Only the lines below from the one that contains "29 Clinton Ct" through the one that contains "Richard Hudnut Deauville Compact" should appear in your answer, exact and without pictures.

GIVEN ENTRIES START

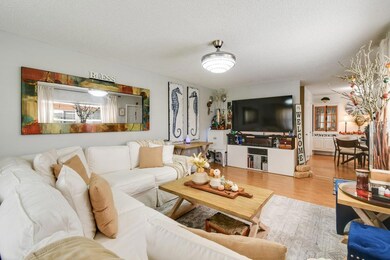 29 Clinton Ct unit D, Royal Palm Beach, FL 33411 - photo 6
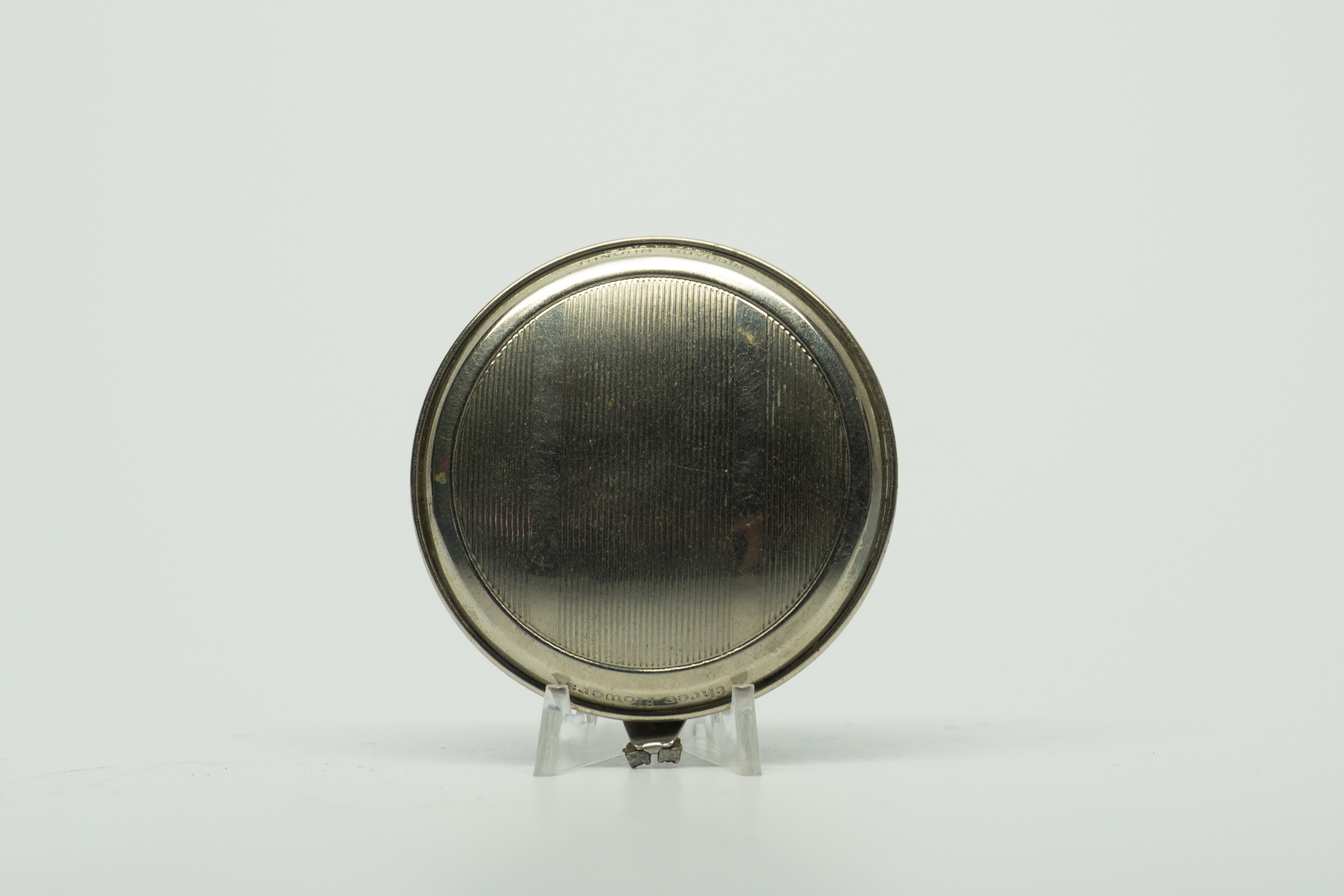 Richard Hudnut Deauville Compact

GIVEN ENTRIES END
GIVEN ENTRIES START

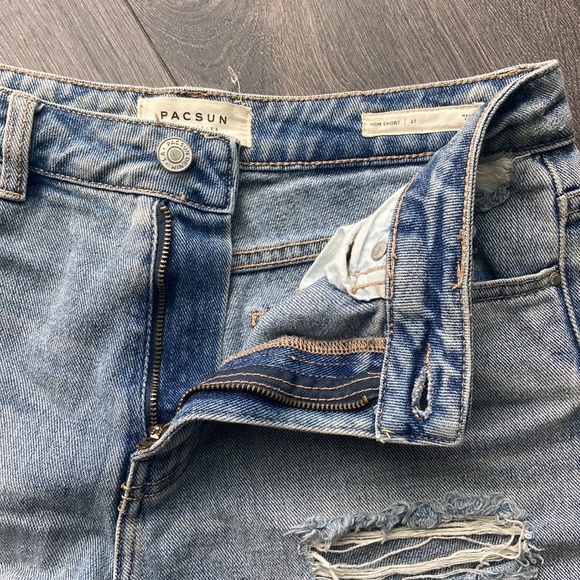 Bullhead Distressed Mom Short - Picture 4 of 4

GIVEN ENTRIES END

▶ **EXERCISE SOLUTION**:
 29 Clinton Ct unit D, Royal Palm Beach, FL 33411 - photo 6
 Richard Hudnut Deauville Compact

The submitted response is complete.